Karen

Tumblr post from 21 October 2016 featuring an early slang use of “Karen.” Image of a woman bringing a video game console to a party.

Tumblr post from 21 October 2016 featuring an early slang use of “Karen.” Image of a woman bringing a video game console to a party.

16 May 2020

The name Karen has become a byword for a middle-aged, obnoxious woman. Karen was a nominee for the American Dialect Society’s 2019 Word of the Year, although it did not win. The society defined Karen as the “stereotype of a complaining, self-important white woman, typically a member of Generation X.” Why Karen, out of all possible names, was chosen for this honor is something of mystery. This use of the name most likely does not have a single origin incident or inspiration but is rather the result of a confluence of a number of trends.

Finding antedates for a particular context for a common name like Karen is maddeningly difficult, and it’s likely there are earlier examples out there, waiting to be found. But here are the earliest ones I’m aware of.

In 2005, comedian Dane Cook released his album Retaliation that included the routine “The Friend that Nobody Likes,” which has the lines:

Every group has a Karen and she is always a bag of douche. And when she's not around, you just look at each other and say, "God, Karen, she's such a douchebag!"
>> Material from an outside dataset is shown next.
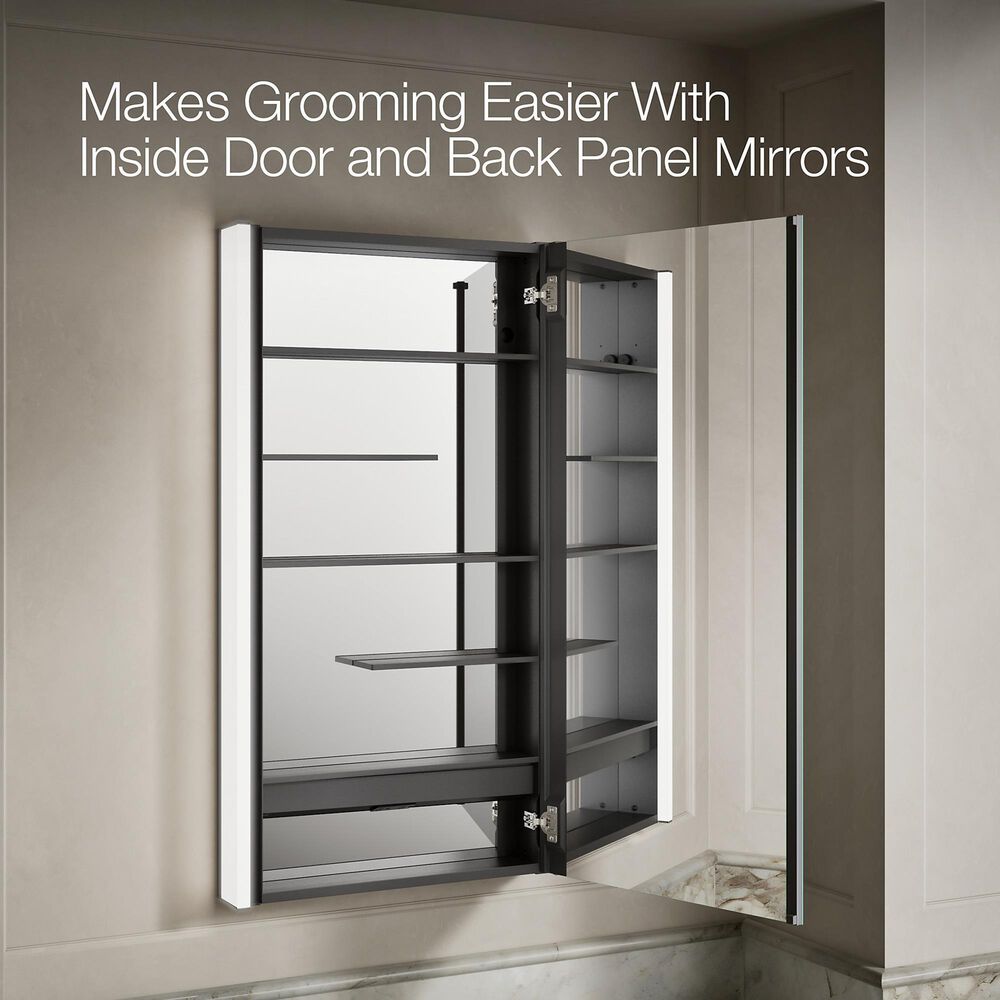 Kohler Maxstow 22" x 40" Lighted Medicine Cabinet in Dark Anodized Aluminum, , large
This is the earliest use of Karen as a generic name for an obnoxious woman that I know of, and the album was immensely popular, debuting at #4 on the Billboard 200 and selling over 1.3 million copies. It appears too early, however, to be a plausible direct inspiration for the meme, which did not start trending until 2016, over ten years later.

But on 20 October 2016 Nintendo released a trailer for its Switch gaming system that featured a woman bringing a Nintendo Switch to a rooftop party. The next day, a certain Joematar posted a screenshot on Tumblr from the trailer with the subtitle:

Oh shit, Karen brought her stupid Nintendo thing to the party again. We’re DRINKING, Karen. We’re having CONVERSATIONS.
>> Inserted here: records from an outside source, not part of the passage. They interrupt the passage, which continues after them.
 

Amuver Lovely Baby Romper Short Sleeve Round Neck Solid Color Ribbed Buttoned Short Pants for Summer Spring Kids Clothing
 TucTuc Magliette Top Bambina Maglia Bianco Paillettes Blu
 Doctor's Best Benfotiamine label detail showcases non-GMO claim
This Tumblr post is the first known instance of the Karen meme proper. A year later, on 7 December 2017, the subreddit /r/FuckYouKaren was launched.

And in March 2018, two definitions for Karen were posted to Urbandictionary.com. The first on 13 March 2018:

typically never a name given to a baby but somehow karen always turns up asking to see the manager

Karen "i would like to speak to the manager"
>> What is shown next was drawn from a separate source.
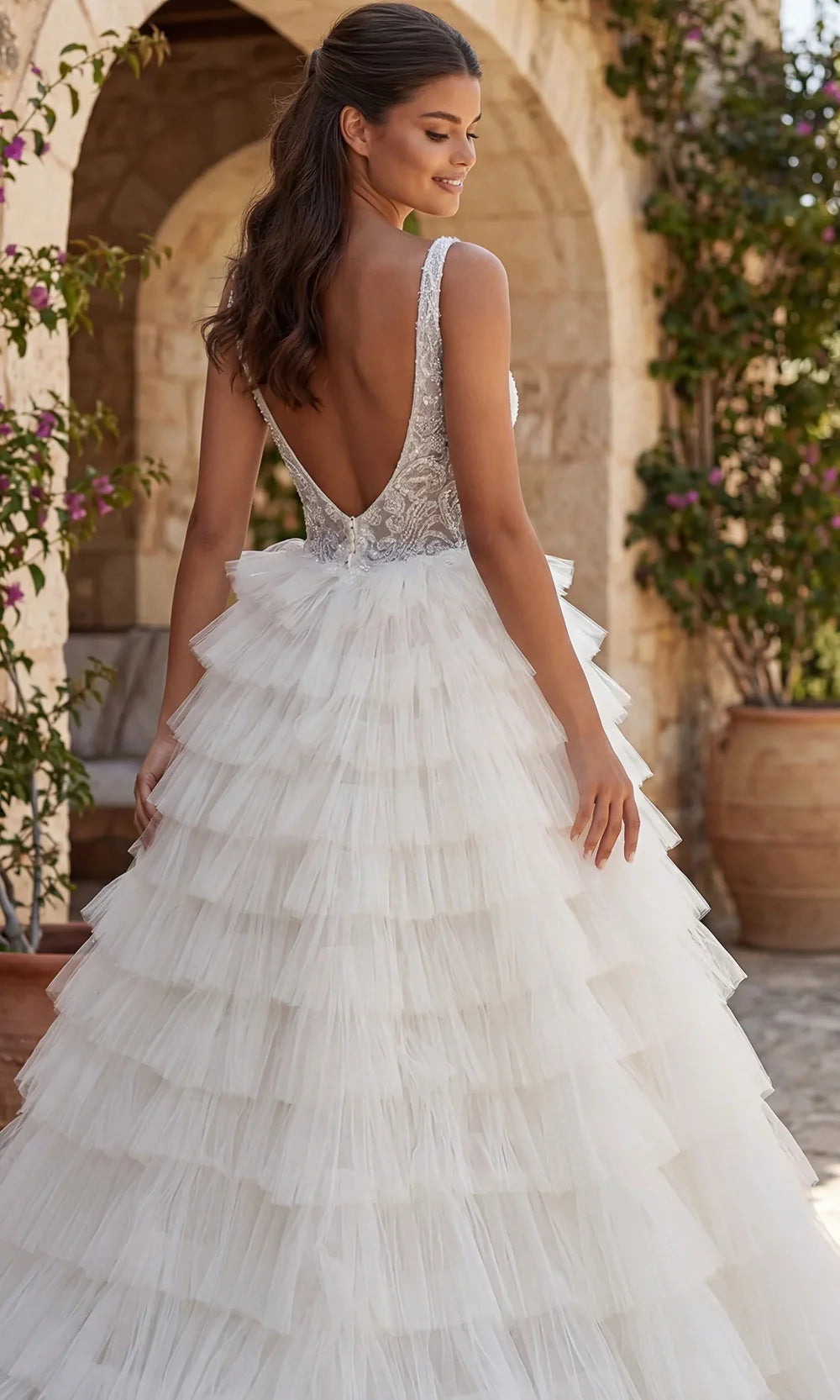 Jovani Bridal JB43318 - Embellished Sleeveless Ballgown with Ruffles Wedding Dresses  in Ivory Sand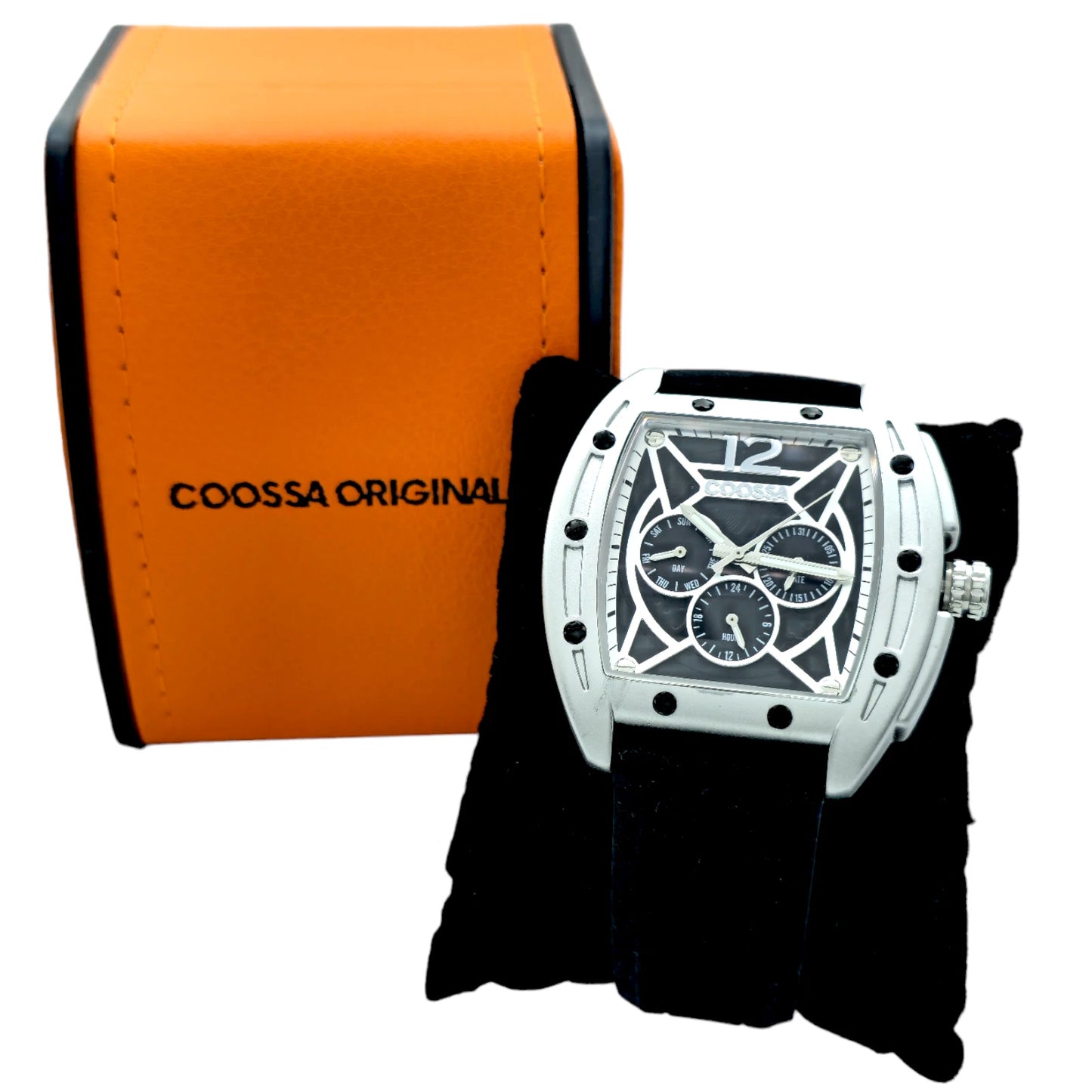COOSSA ORIGINAL Special Edition Mens Tonneau Watch 46MM Case Silve/Black Tone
manager "is your name karen"

#karen

And the second a few days later on 18 March 2018:

44. mother of three. blonde. owns a volvo. annoying as hell. wears acrylics 24/7. currently at your workplace speaking to your manager.

watch out for fkn karen. MID AGED WHITE WOMEN WITH BOB CUTS ARE NOT TO BE SPOKEN TO IN ANY SORT OF TONE.

#mom #manage #store #moms #bitch

And on 29 May 2018 Karen hit mainstream media when comedian Franchesca Ransey wrote this on CNN Commentary:

Before I knew it, the comments started filling up with names I'd never seen before. I thought what I'd posted was pretty tame, but the whole conversation spiraled, becoming heated, fast. [...] Then someone named "Karen" (it's *always* a Karen) chimed in with, "Are you really comparing Allison to a slut shamer? WOW."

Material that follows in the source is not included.